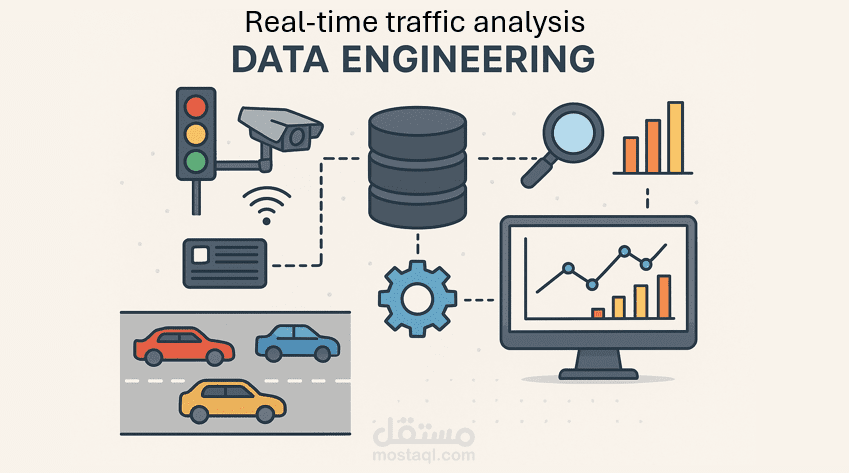 Data Engineering: ETL, SQL, Python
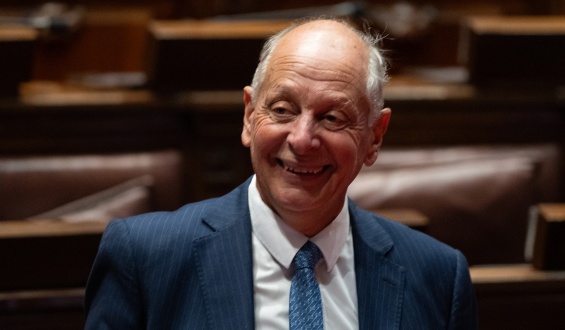 Identidad Soberana acompa�ar� la comisi�n investigadora por el caso Cardama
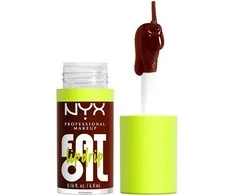 NYX Professional Makeup - Fat Oil Lip Drip - būsenos atnaujinimas 8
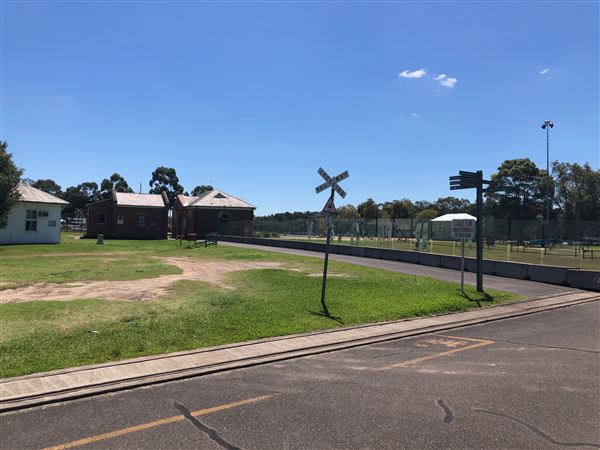 Newington Armory (10/11/2020 - Credits: Screen NSW)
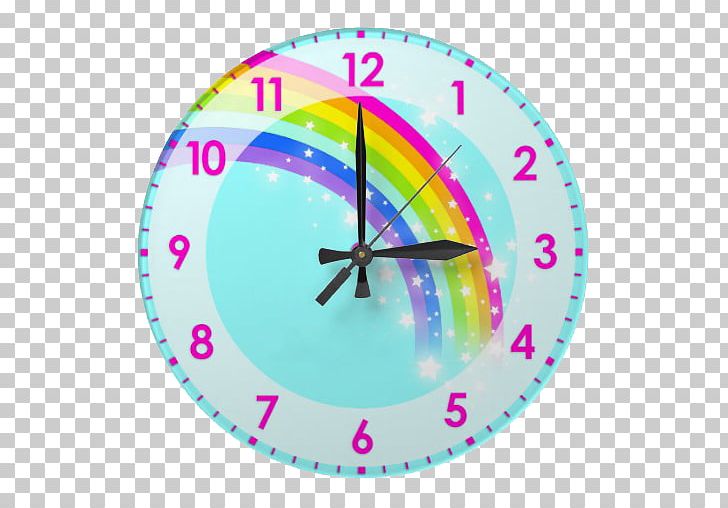 Clock Bedroom Nursery Wall PNG, Clipart, Abaca, Aqua, Bedroom, Child, Circle Free PNG Download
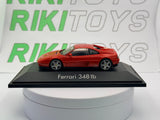 Ferrari 348 TB Herpa 1/43 Rosso 1989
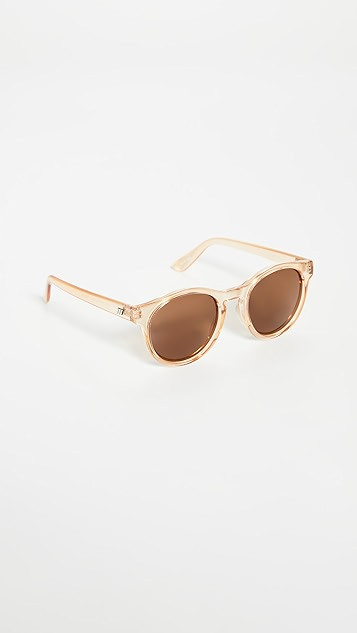 Hey Macarena Polarized Sunglasses | Shopbop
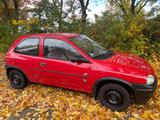 Opel Corsa 1.2 Joy  WENIG KILOMETER - gebrauchte Opel Corsa aus dem Jahr 1994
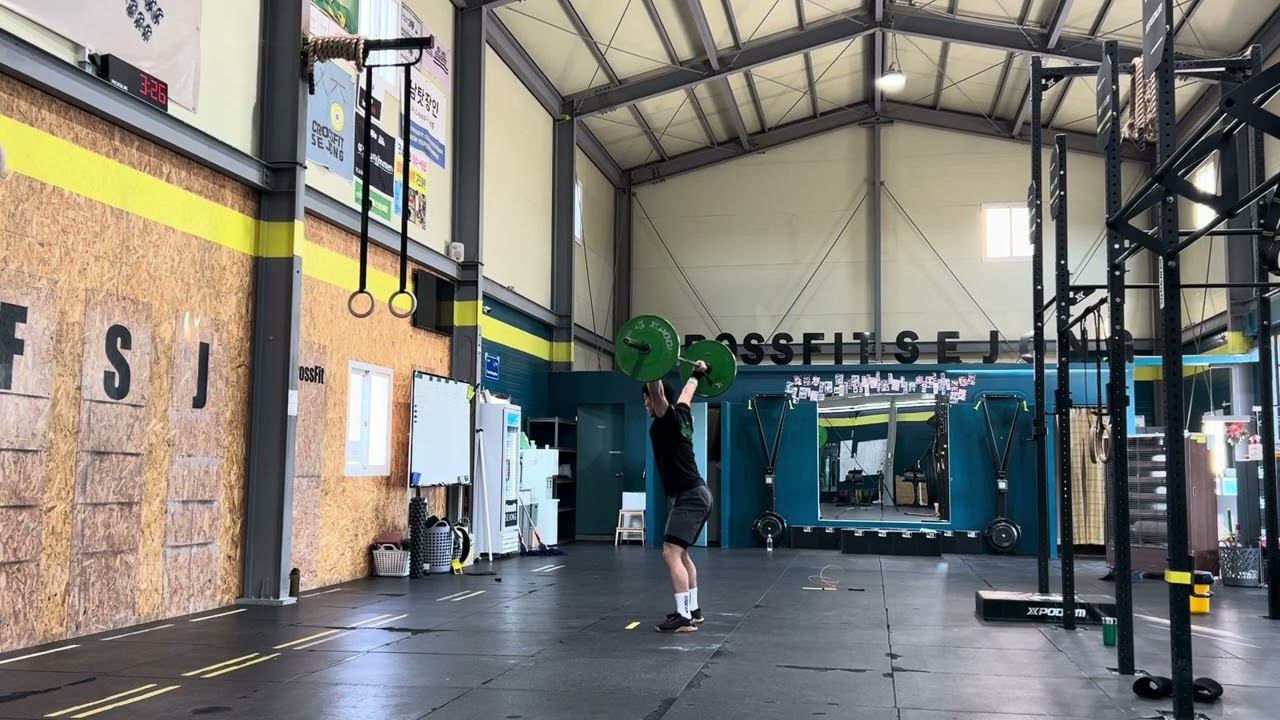 2026 FET classic Individual Male Event 6, YOU YECHAN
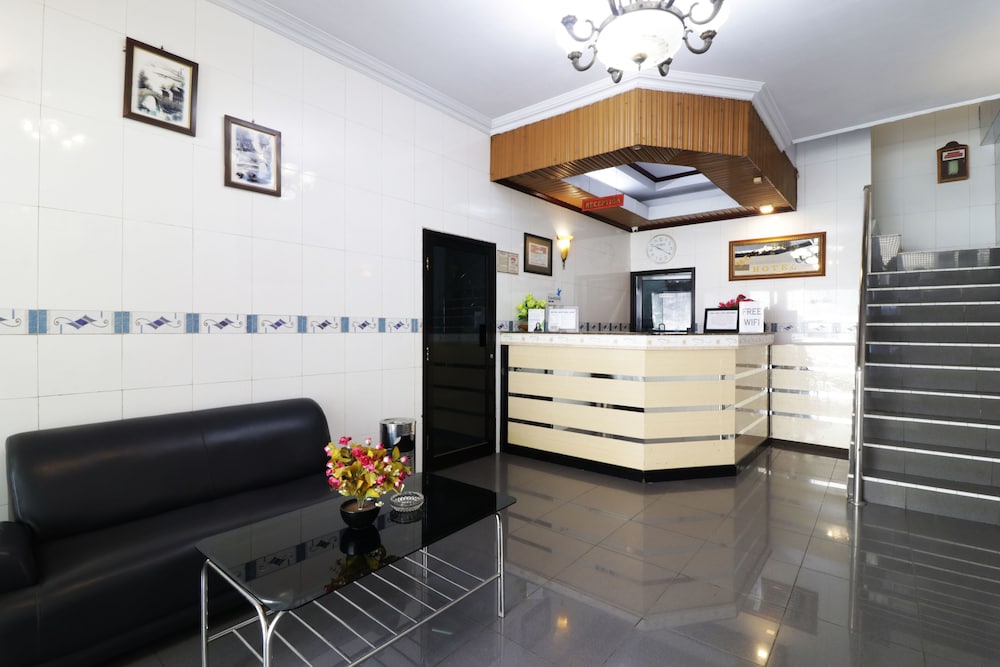 Hotel Mutiara Sari in Makassar, Indonesia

* _WHAT IS BEING ASKED_
Exact copies of the lines from the one containing "Hey Macarena Polarized Sunglasses | Shopbop" through the end of the records above are required, with no pictures among them.

* _TASK RESPONSE_
 Hey Macarena Polarized Sunglasses | Shopbop
 Opel Corsa 1.2 Joy  WENIG KILOMETER - gebrauchte Opel Corsa aus dem Jahr 1994
 2026 FET classic Individual Male Event 6, YOU YECHAN
 Hotel Mutiara Sari in Makassar, Indonesia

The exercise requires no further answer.